The simple answer is when they’re ripe and you’re ready to eat them! Or when it’s about to frost outside.
When The Tomatoes Are Ripe
This may seem like the simplest answer for when to pick tomatoes is when they’re ripe. With most tomatoes, wait until they are the bright red color you’d expect to see from store-bought varieties. This is the best bet for when the tomatoes are ripe.
(In the image above, the bottom 2 tomatoes are probably ripe)
Depending on the size of the tomato you’re growing, you can also see if they easily fall off with the slightest touch. This is a good way to tell with tomatoes like cherry tomatoes. The tomatoes have a small stem, and if you can just barely touch that and the tomato falls off, it’s most likely ripe!
Some smaller tomatoes might start falling off naturally, and this is a good sign that some other tomatoes might be ripe too.
Choose the juiciest, reddest fruit from the plant and leave the rest to continue ripening!
Larger tomatoes, just wait until they are red and pull them off the plant! These might be easier to take off where the stem meets the plant, and they are likely to just fall into your hand with a small twist of the tomato.

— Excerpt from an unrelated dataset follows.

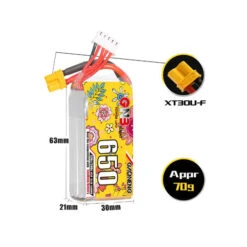 Batterie LiHV GaoNeng GNB 4S 650mAh 120C -Boutique D'Experts En Drones batterie lihv gaoneng gnb 4s 650mah 120c 2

Or get out your pruning shears and cut them off at the stem.
When You’re Ready To Eat Them
The second best way to know when to pick tomatoes is when you’re ready to eat them. This is one of the best things about growing your own tomatoes, is that you can choose how many to pick at a time.
Pop just one off for a quick treat, or take a bunch off at once to make tomato soup or a salad topping!
Even when ripe, tomatoes can stay on the plant for a few more days, so you don’t have to pick them all at once. This is especially important because tomatoes lose their flavor when stored in the fridge, and will only last a few days on the counter.
Instead, they will last much longer on the plant! Although if you are feeling overwhelmed with the amount of ripe tomatoes, see if someone wants any or make a sauce out of them!
If There’s An Expected Overnight Frost
The final time for when to pick tomatoes is if the temperature is expected to majorly drop overnight. Tomato plants aren’t very hardy when it comes to cold weather, so the plant will likely die if there’s a major frost at night.
(If it’s only barely freezing, you could probably cover the plant with a sheet to protect it overnight.)
So this is when you want to pick the last tomatoes from your plant. Wherever they are in the ripening process. Make a green tomato relish with the unripe ones, or grill them for a different flavor!
The best thing about tomatoes is they can be eaten whether ripe or unripe, so none have to go to waste.
Tomatoes Not Ripening?
If your tomatoes are stuck on the vine and not ripening, but rather rotting, there are 2 things to do. The first is to slow down on watering, as you might be overwatering. Growing fruit takes a lot of water, but once the fruit is grown it needs less (at least slightly) water.
The other way to fix this and get your tomatoes ripening is to cut off most of their leaves. Not all, but most of them. This forces the tomato plant to go from growing more and putting energy into growing the leaves and making new fruit, and puts the energy into ripening the fruit.
Because ripe fruit is the way plants reproduce (by releasing the seeds), this will cause the tomatoes to prepare their fruit and will start ripening the tomatoes. Then you’ll be able to pick and eat your tomatoes!